> Work task:
From the line with "Suspension lumineuse moderne" through the line with "Reality Leuchten Reality", inclusive, return each line of the data below exactly and leave the rest out.

─── Dataset entries

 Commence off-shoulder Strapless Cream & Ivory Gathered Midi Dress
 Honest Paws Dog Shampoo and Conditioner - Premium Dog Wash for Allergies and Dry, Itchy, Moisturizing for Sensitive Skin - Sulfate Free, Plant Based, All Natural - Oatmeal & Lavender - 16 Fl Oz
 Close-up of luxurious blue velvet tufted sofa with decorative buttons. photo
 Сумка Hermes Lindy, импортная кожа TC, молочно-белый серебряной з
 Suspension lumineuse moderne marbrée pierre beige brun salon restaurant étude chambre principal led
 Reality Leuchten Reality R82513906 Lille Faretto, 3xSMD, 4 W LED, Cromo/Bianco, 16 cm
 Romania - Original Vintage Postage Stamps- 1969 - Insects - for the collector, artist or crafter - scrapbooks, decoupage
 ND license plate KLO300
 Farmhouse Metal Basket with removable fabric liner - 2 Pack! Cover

──────

> Expected answer:
 Suspension lumineuse moderne marbrée pierre beige brun salon restaurant étude chambre principal led
 Reality Leuchten Reality R82513906 Lille Faretto, 3xSMD, 4 W LED, Cromo/Bianco, 16 cm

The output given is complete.